There are a few places in Bellevue where folks can splurge for a night out. But there are very few in the entire state where one can pay for top-notch Japanese food in the style of a northern crab house.
Crab King opened in late 2016 in the Crossroads area, and the proprietors hope to give you that same experience they fell in love with on a snowy night in Hokkaido.
Peipei Liu, owner and general manager, said her restaurant is based around the quality of the ingredients.

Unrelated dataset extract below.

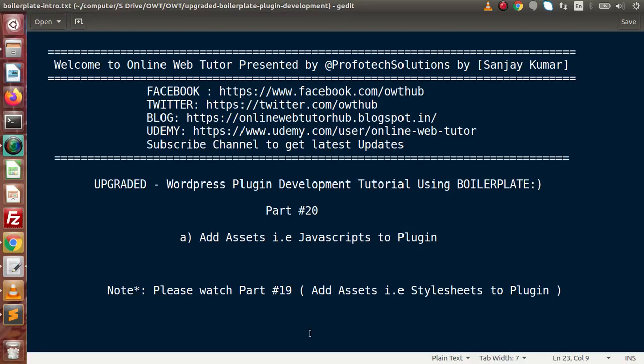Hello guys, welcome to Online Web Tutor represented by the Profitex Relations team. I am Sanjay. We are learning WordPress Plugin development using boilerplate. This is part number 20. Inside this video session, we will see how we can attach JavaScript files to our plugin.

“It’s real Japanese food and very authentic,” she said. “The ingredients are very important. Our dishes aren’t saucy, we don’t add a lot of flavor additives to the food. It stands on its own.”
For $198, diners can have the king crab tasting menu.
The dinner begins with king crab sunomono — a chilled salad with spinach in rice vinegar — before an appetizer of king crab and vegetable tempura, including prawn, pumpkin, asparagus and shitake mushrooms.
The entree is what Peipei and husband Xiaomeng opened the restaurant around. Diners are treated to a roiling king crab hot pot complete with napa cabbage, enoki mushroom, seaweed, konjac plant and tofu “boiled in our secret broth.”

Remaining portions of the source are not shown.